## Task instructions
Set down each entry exactly as given; pictures should not appear in the copy.

※

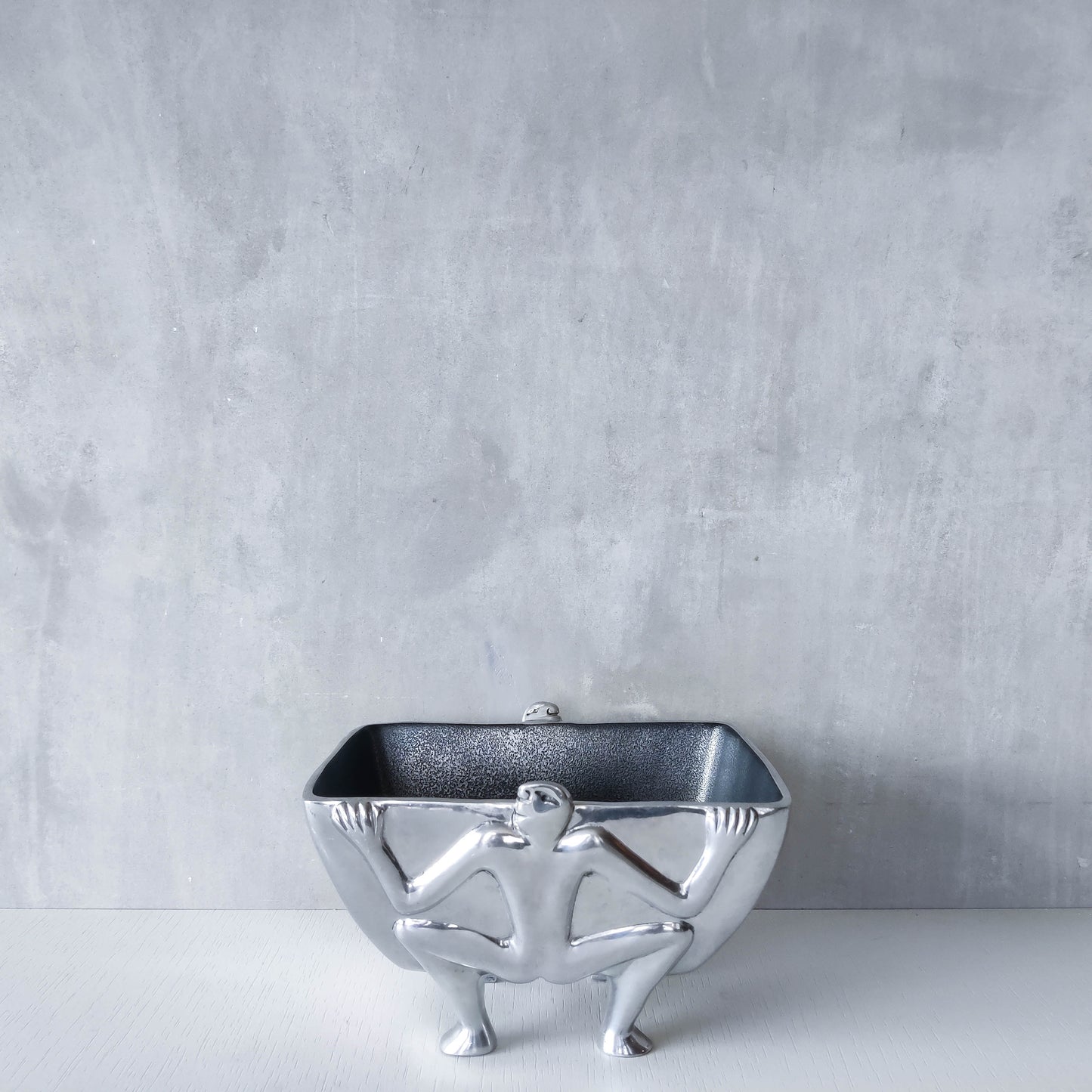 Carrol Boyes 1990s sculptural cast aluminium rectangular fruit bowl with figural feet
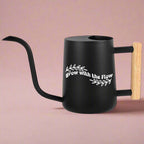Black watering can with wooden handle and white Grow with the Flow text surrounded by leaf graphics perfect calming gift for plant lovers and self-care moments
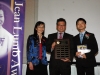 three people standing together for photo. Man in center holding plaque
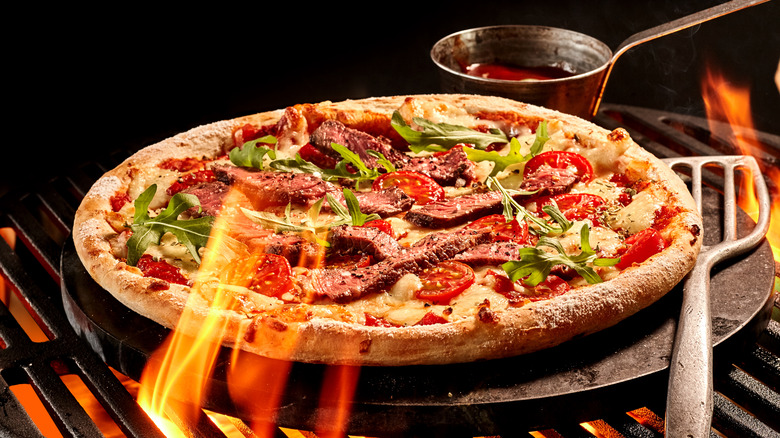 Cooking frozen pizza on grill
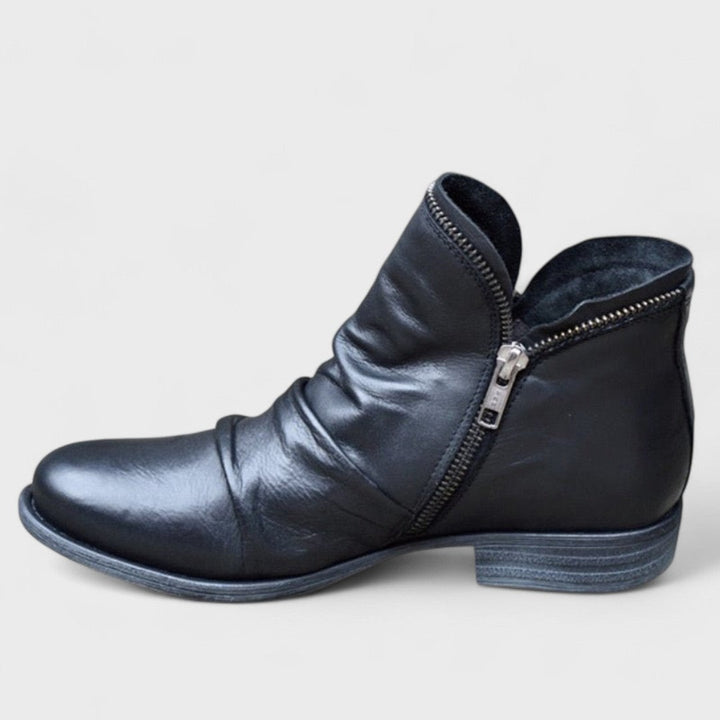 Black leather ankle boot featuring slouchy ruched design and asymmetric zip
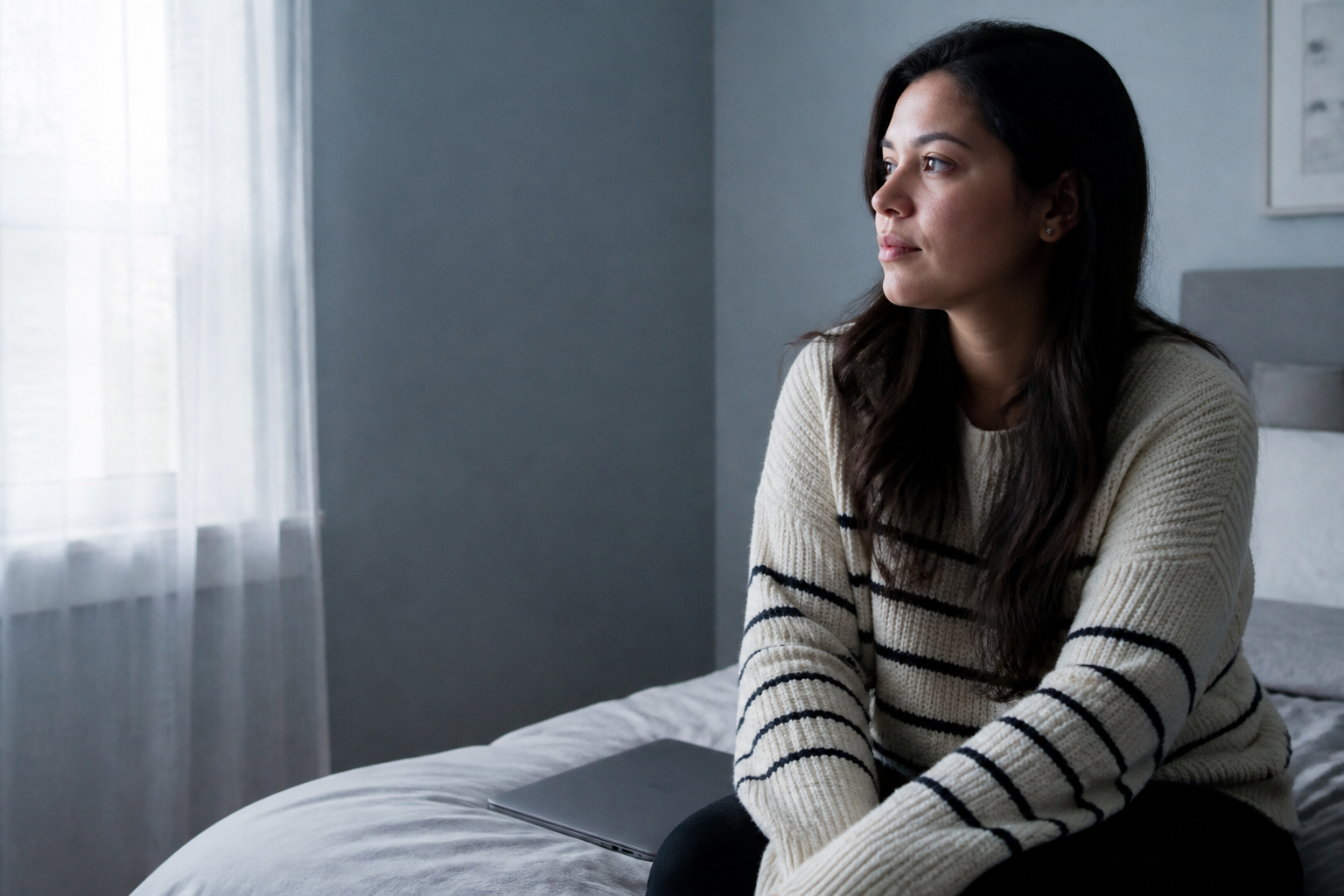 Pensive woman looking toward a window, composed — not sad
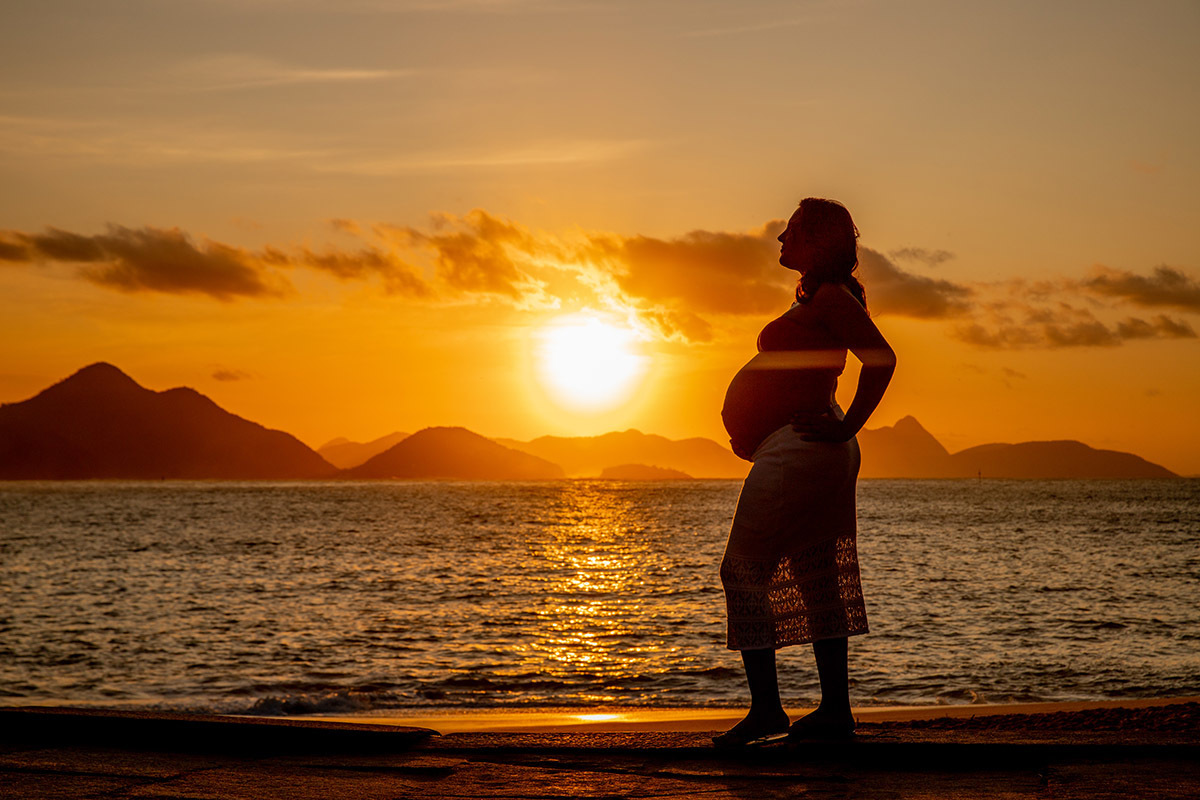 Silhueta de Gestante na Praia Vermelha com o sol dourado iluminando o ensaio.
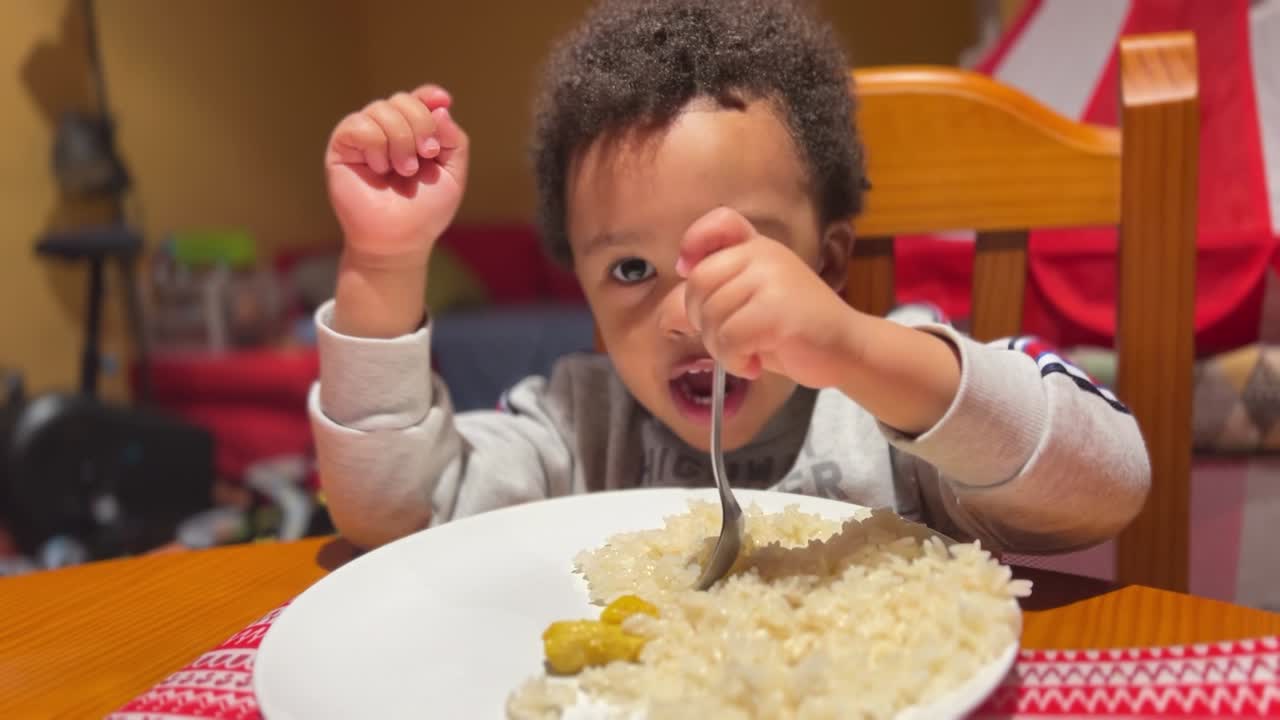 Bambino di due anni, adorabile e di origini miste, che mangia riso da solo a casa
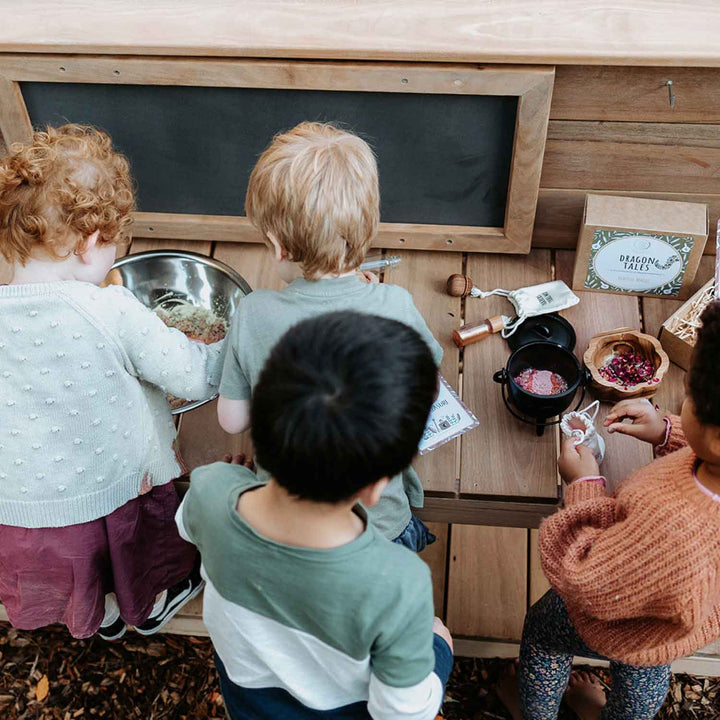 Kids playing at a Wooden Mud Kitchen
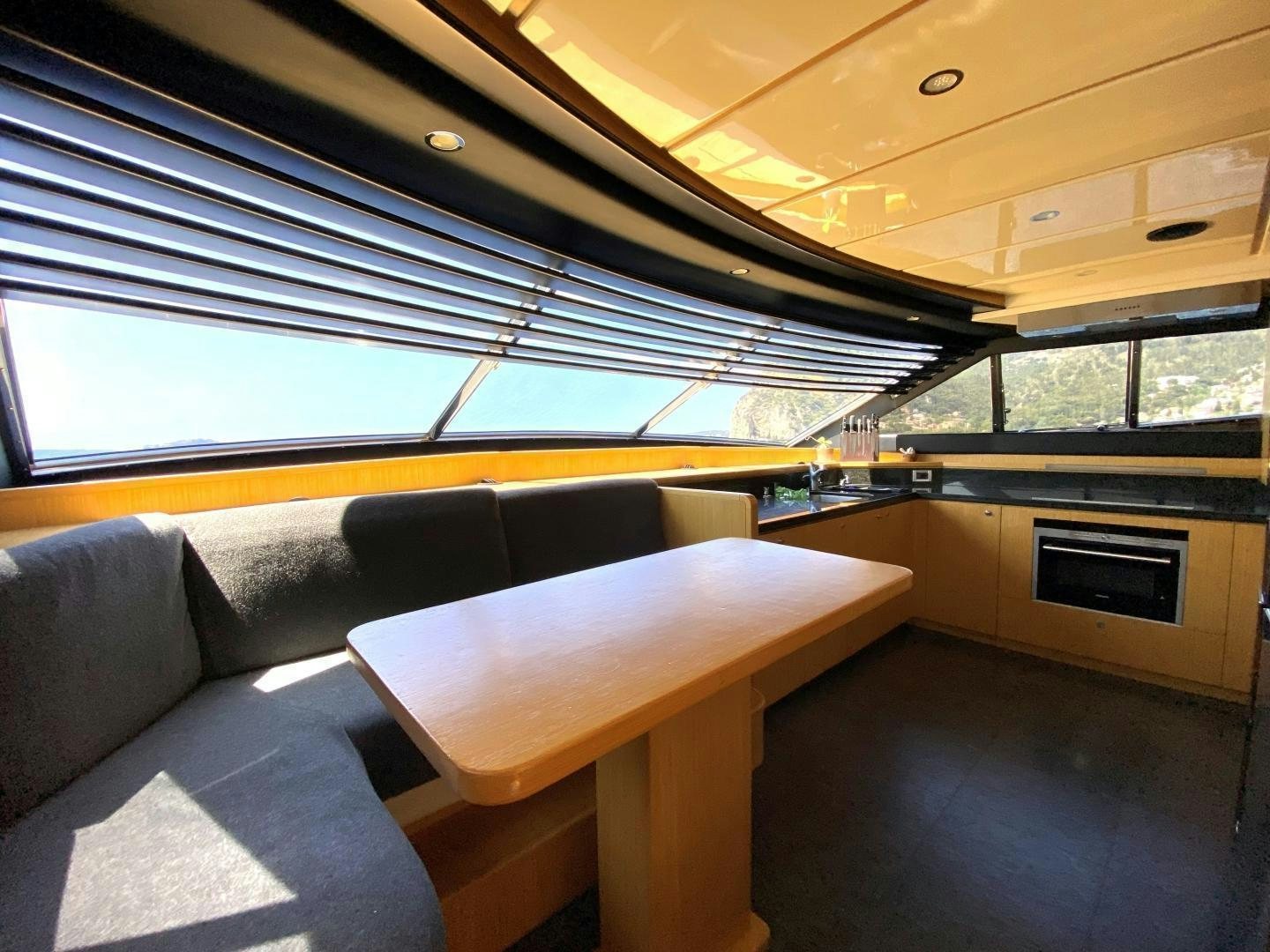 a room with a couch and a table aboard MELI Yacht for Charter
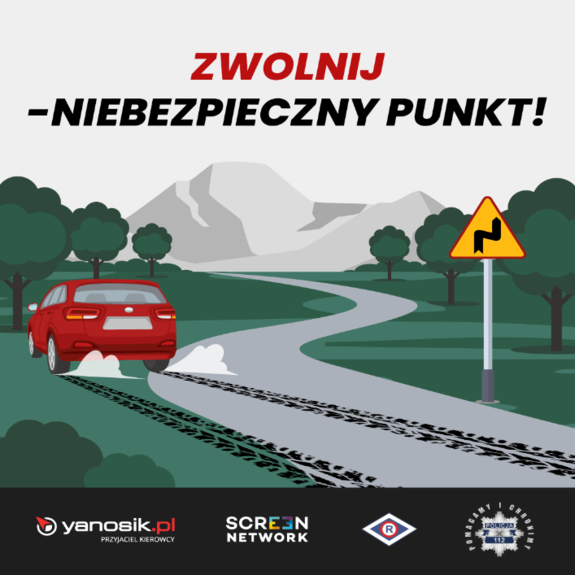 napis zwolnij - niebezpieczny punkt, grafika z samochodem zjeżdżającym z drogi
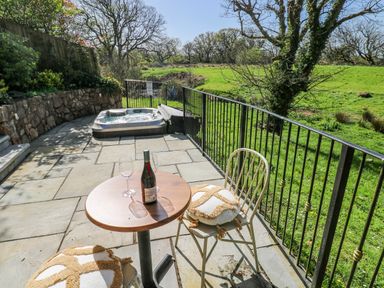 An outdoor patio with a hot tub and a table with a wine bottle and glasses at Rose Apartment in Old Walls, Llanrhidian, Gower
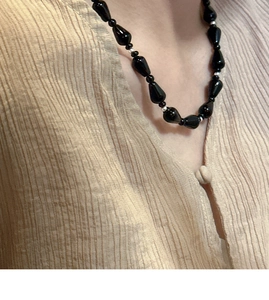 Detail of s925 silver necklace featuring black waterdrop beads and silver spacers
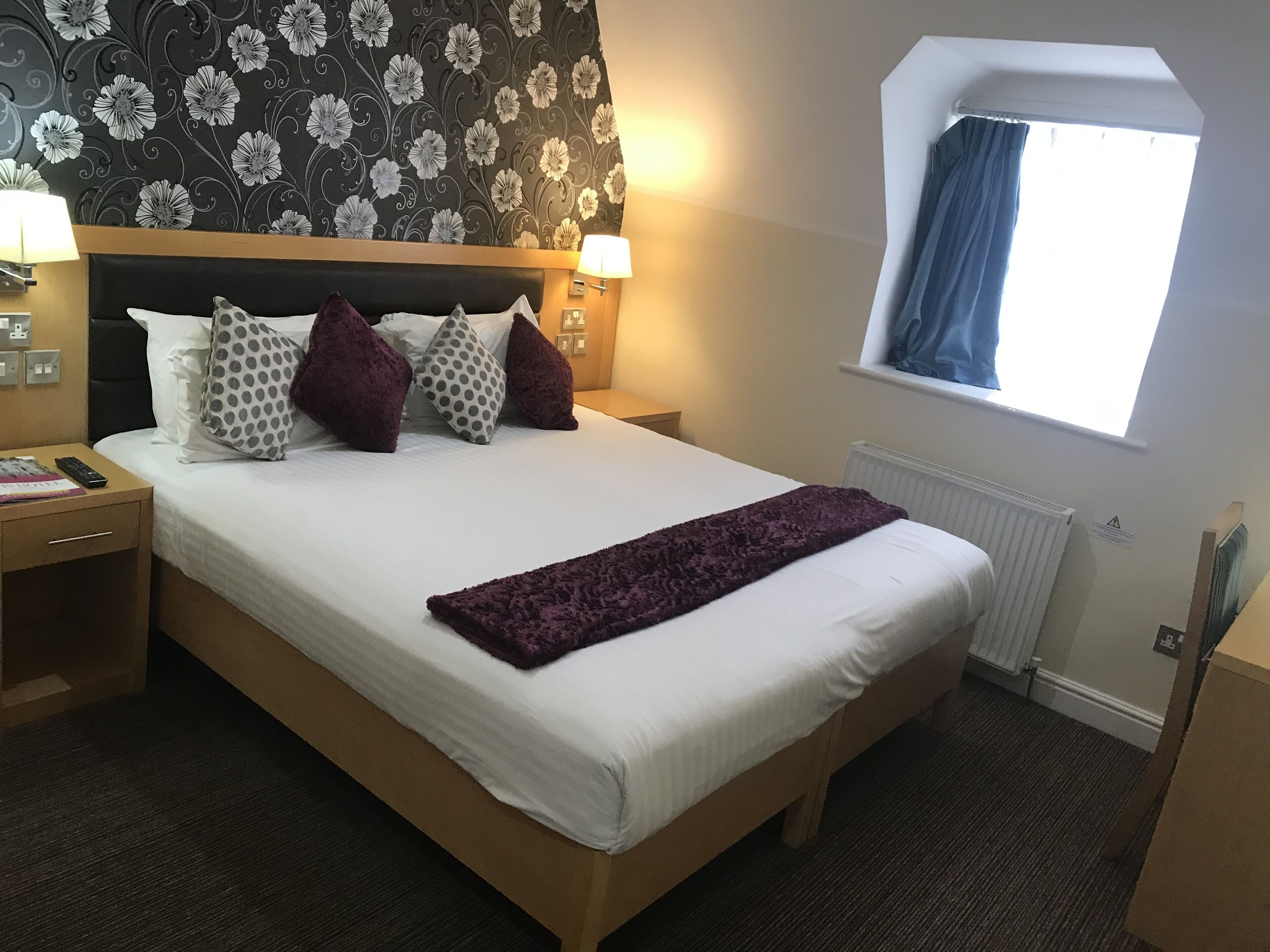 A hotel room with a large bed, a wooden headboard, a window with blue curtains, and a floral wallpaper design.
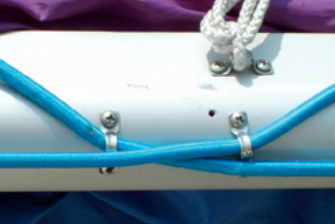 Port side of boom showing two 1⁄2-inch eye straps providing turning points for two bungees.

※

## Written answer
 Carrol Boyes 1990s sculptural cast aluminium rectangular fruit bowl with figural feet
Black watering can with wooden handle and white Grow with the Flow text surrounded by leaf graphics perfect calming gift for plant lovers and self-care moments
 three people standing together for photo. Man in center holding plaque
 Cooking frozen pizza on grill
 Black leather ankle boot featuring slouchy ruched design and asymmetric zip
 Pensive woman looking toward a window, composed — not sad
 Silhueta de Gestante na Praia Vermelha com o sol dourado iluminando o ensaio.
 Bambino di due anni, adorabile e di origini miste, che mangia riso da solo a casa
 Kids playing at a Wooden Mud Kitchen
 a room with a couch and a table aboard MELI Yacht for Charter
 napis zwolnij - niebezpieczny punkt, grafika z samochodem zjeżdżającym z drogi
 An outdoor patio with a hot tub and a table with a wine bottle and glasses at Rose Apartment in Old Walls, Llanrhidian, Gower
 Detail of s925 silver necklace featuring black waterdrop beads and silver spacers
 A hotel room with a large bed, a wooden headboard, a window with blue curtains, and a floral wallpaper design.
 Port side of boom showing two 1⁄2-inch eye straps providing turning points for two bungees.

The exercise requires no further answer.